Prompt —
If an entry holds a picture, leave the picture out and copy the rest exactly.

Brief descriptive captions
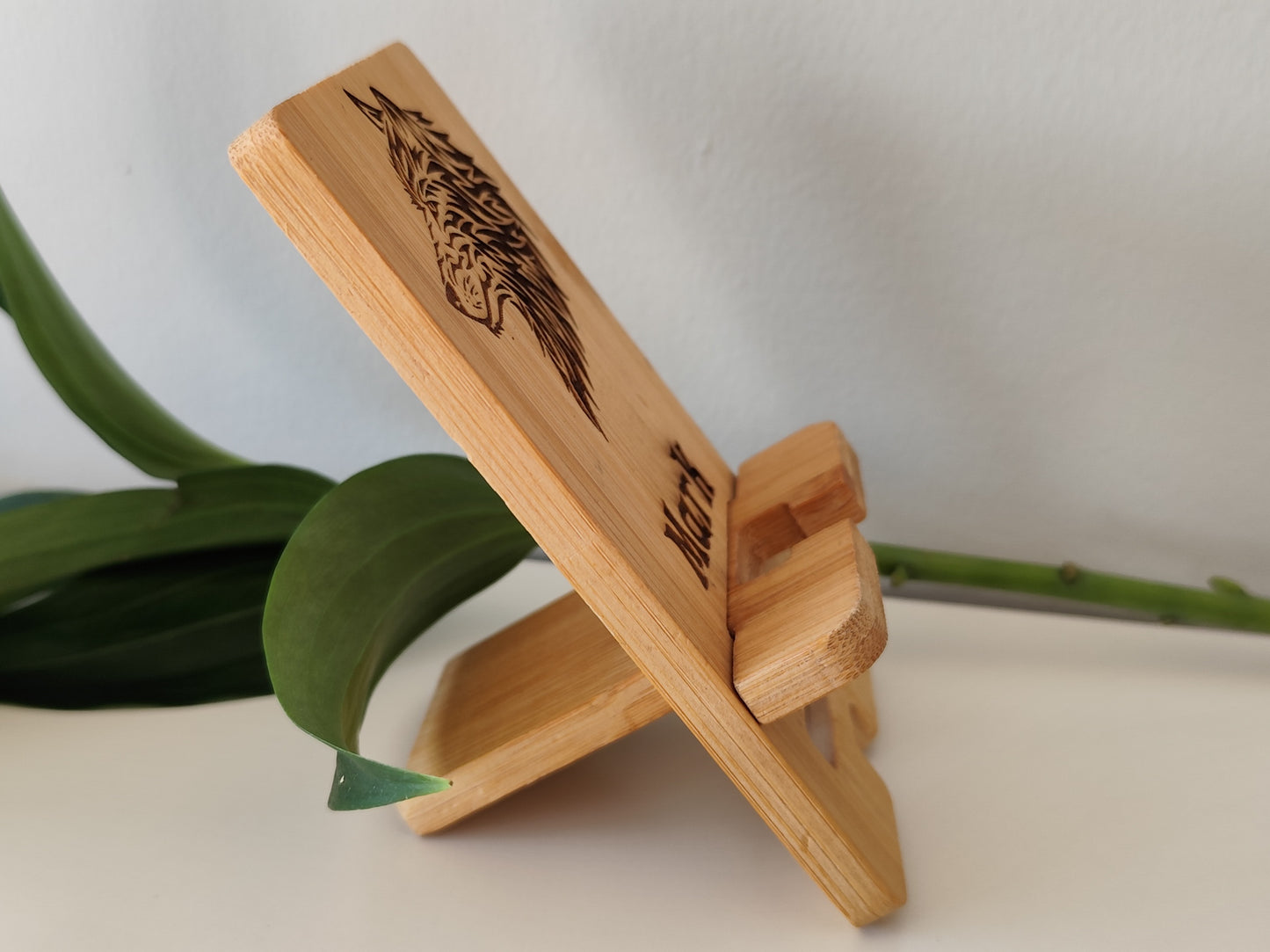 Personalized Phone Holder – Wooden Stand with Wild Wolf Engraving
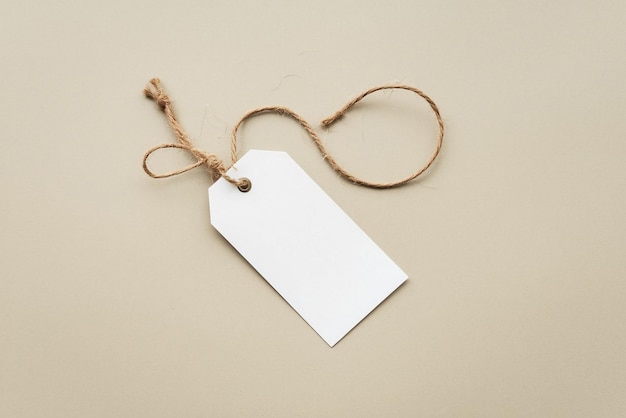 Etiqueta de roupa branca hang mockup papel em branco papelão etiqueta de preço com corda com espaço sopy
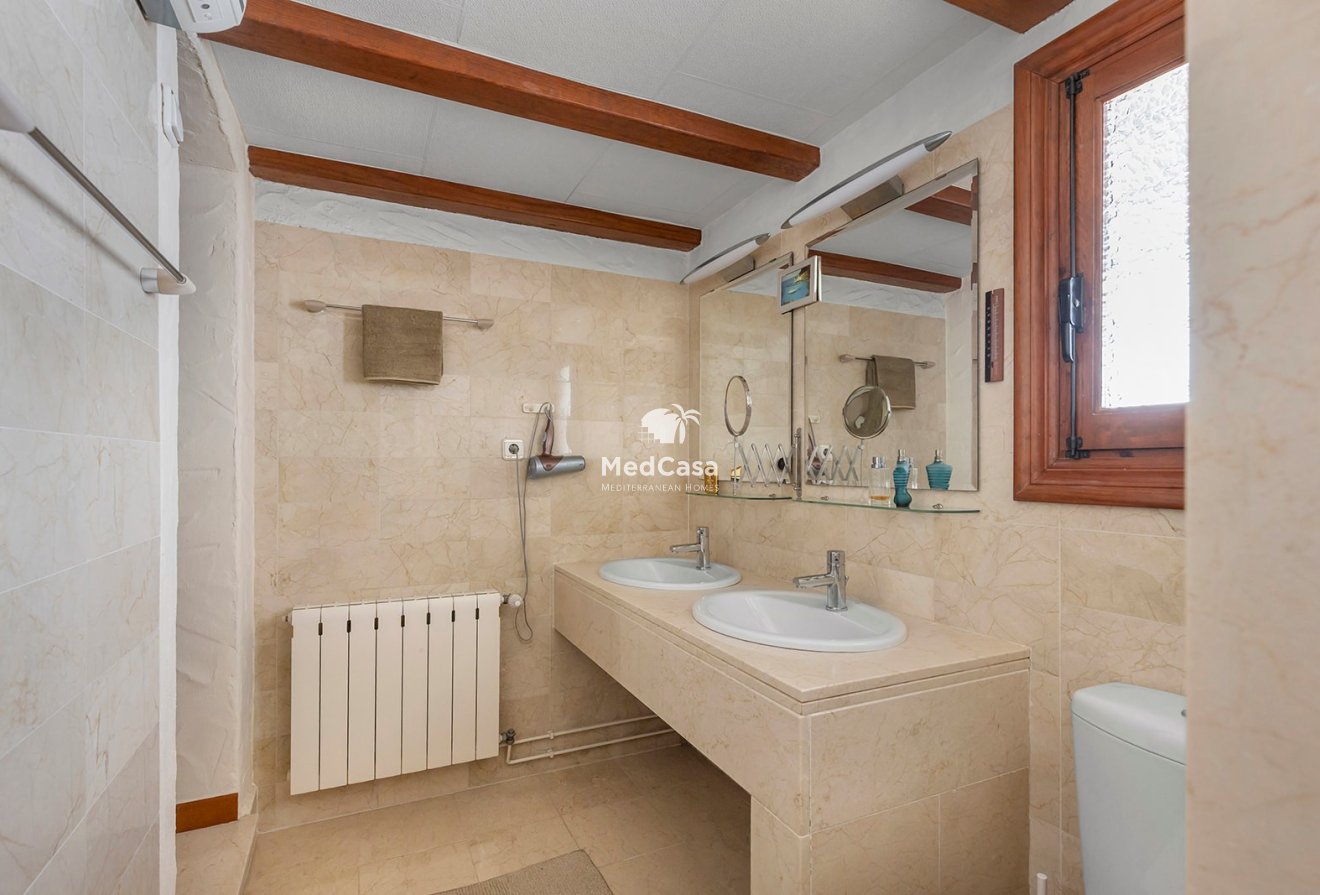 Wiederverkauf - Villa -
Orihuela Costa - Villamartín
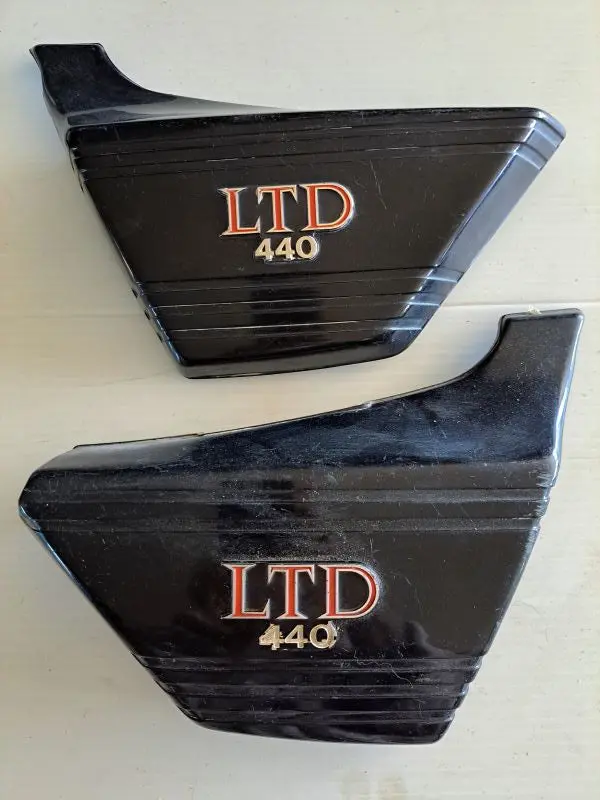 Kz440 Ltd Side Covers 1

Completed exercise —
 Personalized Phone Holder – Wooden Stand with Wild Wolf Engraving
 Etiqueta de roupa branca hang mockup papel em branco papelão etiqueta de preço com corda com espaço sopy
 Wiederverkauf - Villa -
Orihuela Costa - Villamartín
 Kz440 Ltd Side Covers 1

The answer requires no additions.